The reality is that investors should be looking for investments that are going to keep them out of trouble, not make them the next Warren Buffett. With complex and esoteric investments continuing to proliferate the market, the opportunity for a major mistake is greater than it ever was. Emotionally, it’s hard not to get caught up in the thought of becoming the next cannabis millionaire or finding the penny stock that rallies 60,000%. Unfortunately for most, it’s a pipe dream at best. Even professionals cannot consistently pick winners, with even the most successful money managers unable to sustain top-tier performance year-after-year. The level of difficulty is impossible to quantify, but its safe to say that if it was easy, everyone would be doing it.
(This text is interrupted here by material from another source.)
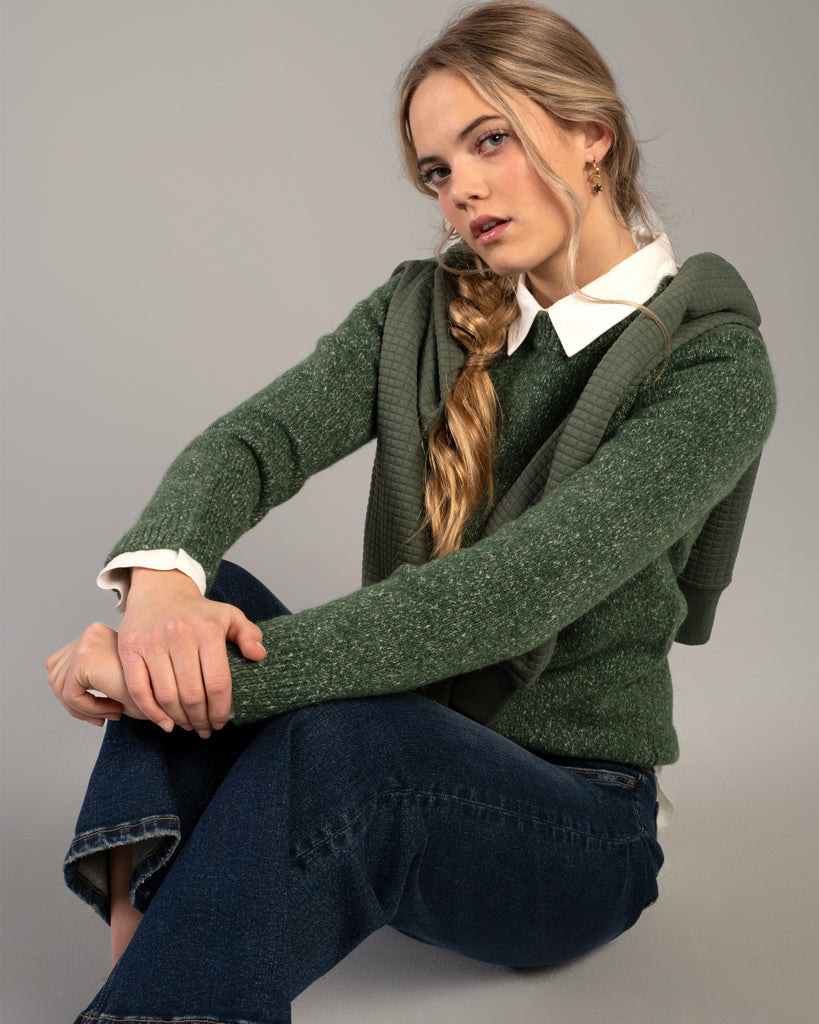 Model wearing a green speckled long sleeve crew neck pullover sweater.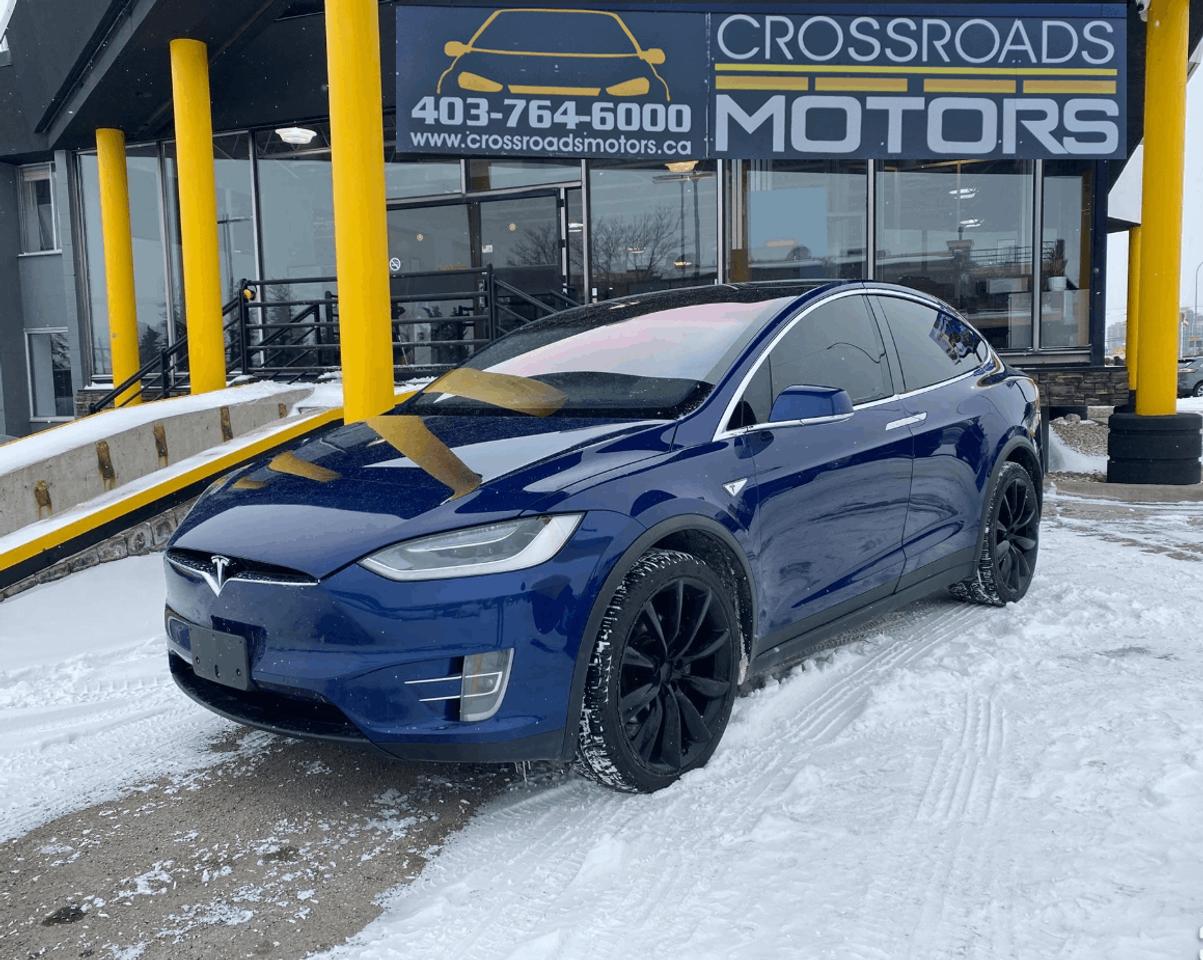 <p>The 2016 Tesla Model X is a luxury electric SUV featuring signature Falcon Wing doors, Offering seating 6, Key features include AWD, Autopilot, and a 17-inch infotainment screen.</p><p>&nbsp;</p><p>Key Features and Specs:</p><p>Performance: All-wheel drive (dual motor) is standard.</p><p>Interior & Technology: Features a 17-inch touchscreen, over-the-air updates, and Falcon Wing rear doors that require minimal side clearance.</p><p>Safety: Equipped with forward collision warning, automatic emergency braking, and a, high-efficiency cabin air filter.</p><p><strong>Contact Us Today to Schedule a Test Drive! 🚗</strong></p><p><strong>🚗&nbsp;CREDIT REBUILDING SPECIALISTS<br>✅&nbsp;Instant Approval: Apply Now at&nbsp;<a href=https://www.crossroadsmotors.ca/forms/finance rel=noopener>www.crossroadsmotors.ca/forms/finance</a><br>✅&nbsp;All Credit Accepted &ndash; Specializing in credit rebuild programs!<br>✅&nbsp;Fast Approvals &ndash; Flexible financing options for all credit situations!</strong></p><p><strong>🔧&nbsp;Mechanical Fitness Assessment Complete &ndash; Ensuring reliability<br>🔍&nbsp;CarFax & Inspection Reports Available &ndash; Full transparency<br>📄&nbsp;Financing & Extended Warranty Options &ndash; Flexible solutions tailored to you</strong></p><p><strong>📍&nbsp;Visit Us At:&nbsp;7330 Macleod Trail SE, Calgary, AB T2H 0L9<br>📞&nbsp;Call:&nbsp;403-764-6000</strong></p><p><strong>AMVIC Licensed Dealer</strong></p><p><strong>Your perfect car is waiting&mdash;contact us now! 🚗✨</strong></p>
Selecting investments involves both quantitative and qualitative analyses that should account for the things commonly described in broad based articles such as risk tolerance, diversification, etc. However, a true investment plan that its tailored to the needs of the investor will go a step further and include considerations to mitigate the impact of taxes, investment fees, duplicative holdings and correlation between holdings, among other risks. Additionally, volatility targets, investment objective (i.e. growth vs income), type of investments, and investment strategy all play an integral role in how to best create a portfolio to help you achieve your long-term financial goals. While there is no guarantee that a more thorough analysis and optimized portfolio will yield a higher bottom line return during any given period, it should help to ensure consistency with your overall financial plan and provide you with the investment experience you need over the long-term.
A good planner will explain the long-term ramifications of maintaining an investment plan but should also be focusing on an even more important attribute of your plan: the spending/savings plan. We can exert control over this aspect of our financial life with a much greater degree of precision and certainty than the performance of our investments. It’s no secret that returns do have a huge impact in your portfolio and net worth over the long-term, however, the magnitude of those returns is almost entirely out of all our control. The best managers can’t generate positive returns out of thin air, which is why it is important not to go all-in on a moonshot investment. Those that avoid temptation and put emotions aside have long been rewarded for their dedication and patience.
Content in this material is for general information only and not intended to provide specific advice or recommendations for any individual.